▸ **Problem details**
Using only the entries below, copy exactly the lines that begin at the one with "Cream boutique bat wing long sleeve shirt" and end at the one with "ms_foden's tweet photo.", both included. Drop the pictures.
Data section below:
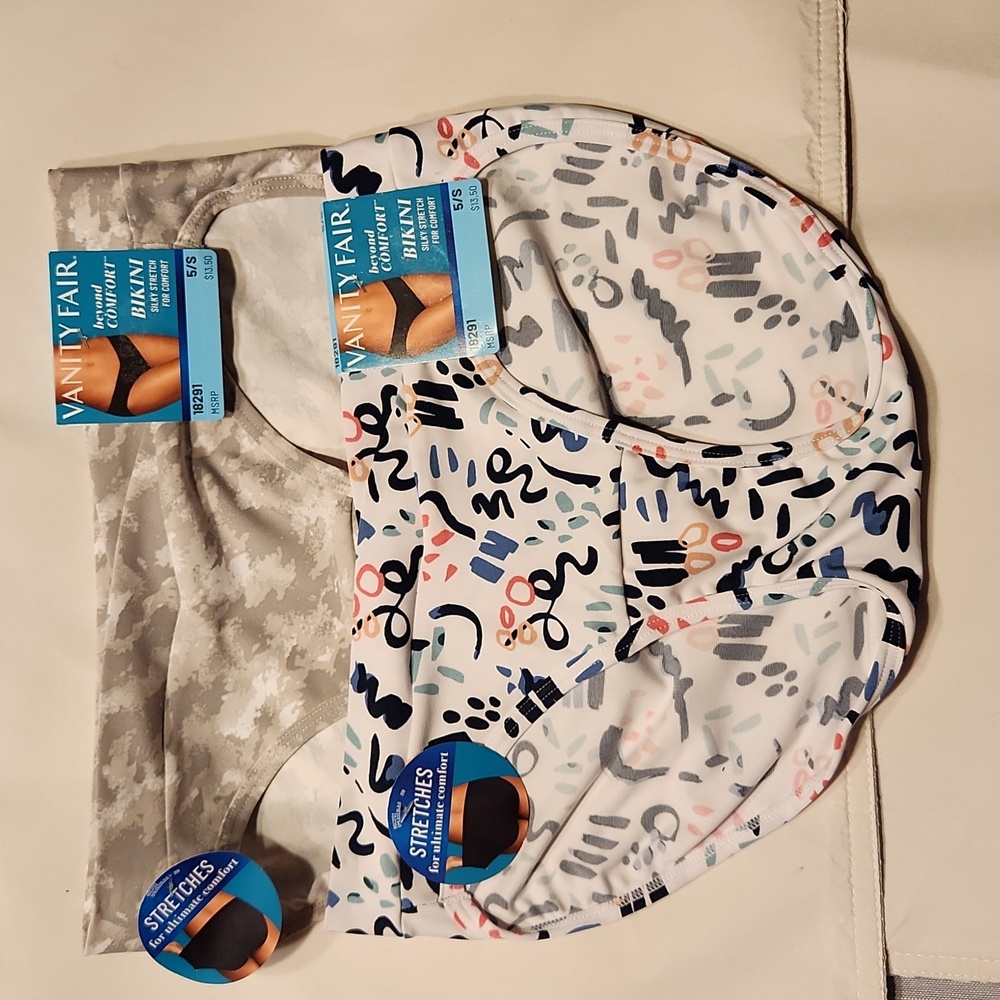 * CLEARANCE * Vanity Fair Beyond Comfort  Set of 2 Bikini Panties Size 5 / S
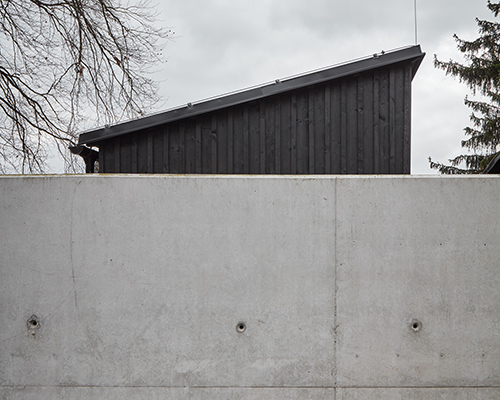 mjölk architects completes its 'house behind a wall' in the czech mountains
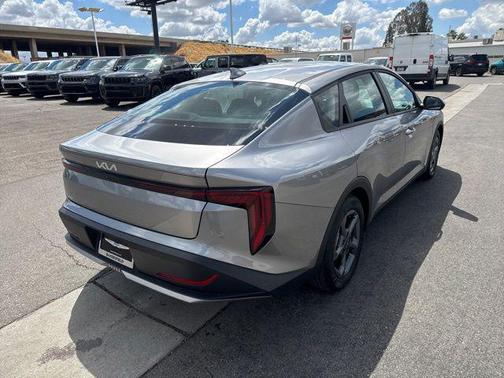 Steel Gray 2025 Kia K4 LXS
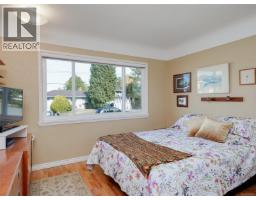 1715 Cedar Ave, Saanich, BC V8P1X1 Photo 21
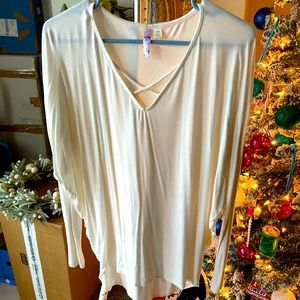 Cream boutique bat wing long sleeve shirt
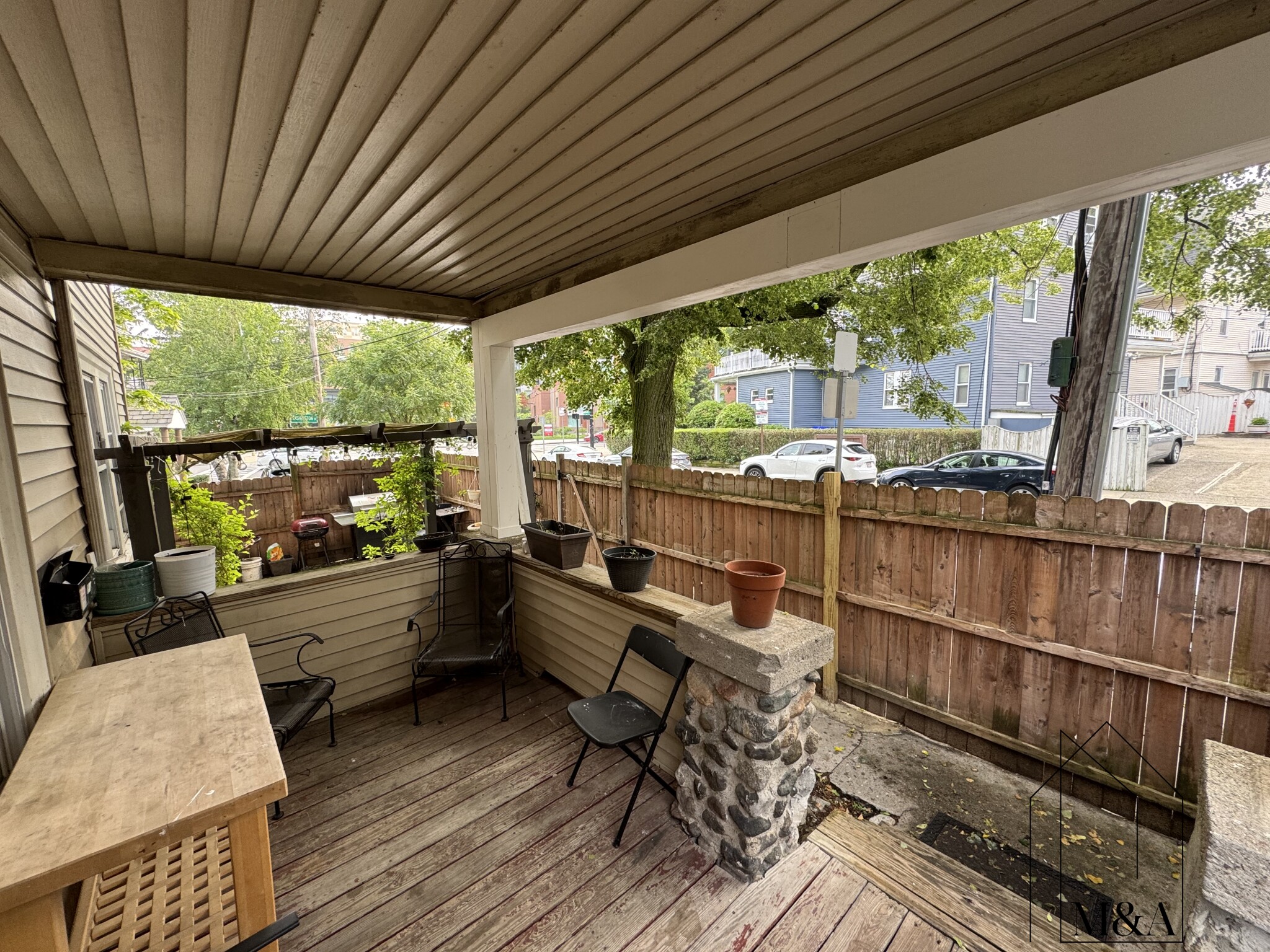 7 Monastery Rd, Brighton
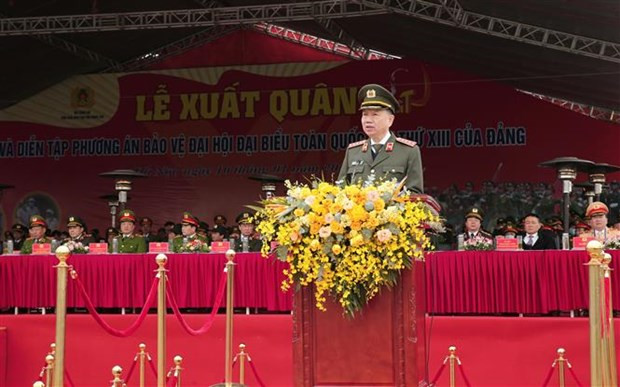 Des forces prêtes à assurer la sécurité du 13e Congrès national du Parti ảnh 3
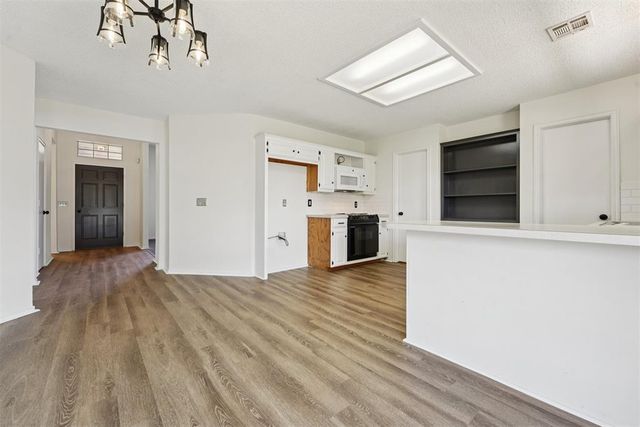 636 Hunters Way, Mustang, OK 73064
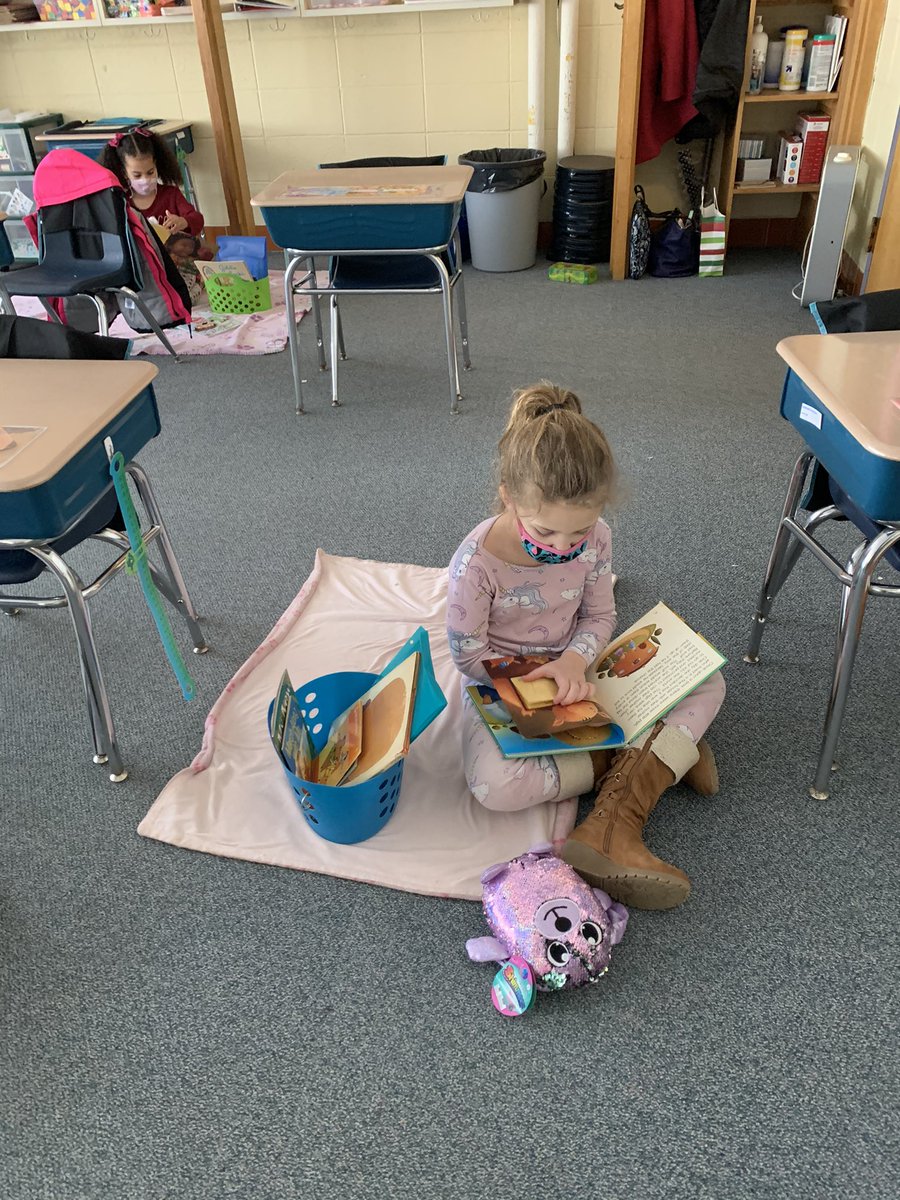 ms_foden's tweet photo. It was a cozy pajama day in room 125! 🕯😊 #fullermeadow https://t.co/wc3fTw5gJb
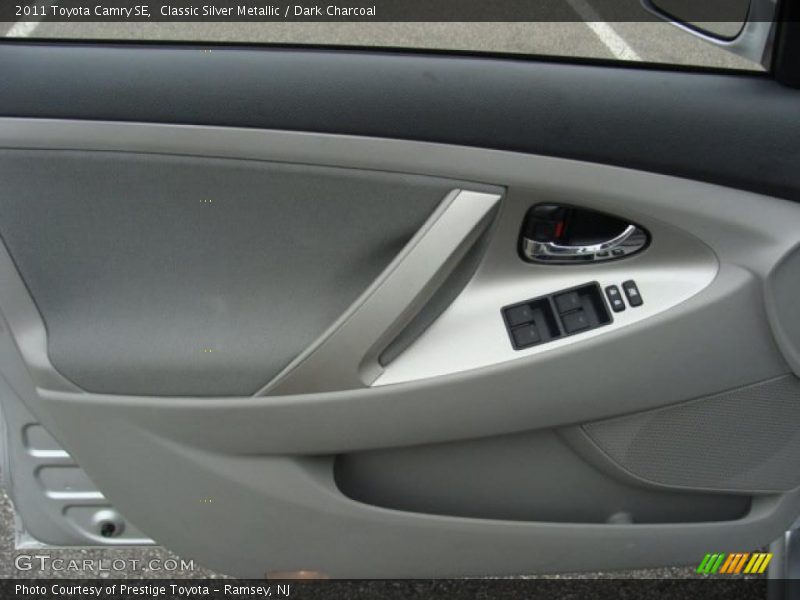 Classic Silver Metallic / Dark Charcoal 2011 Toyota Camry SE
End of Data section.
▸ **Task answer**
 Cream boutique bat wing long sleeve shirt
 7 Monastery Rd, Brighton
 Des forces prêtes à assurer la sécurité du 13e Congrès national du Parti ảnh 3
 636 Hunters Way, Mustang, OK 73064
 ms_foden's tweet photo. It was a cozy pajama day in room 125! 🕯😊 #fullermeadow https://t.co/wc3fTw5gJb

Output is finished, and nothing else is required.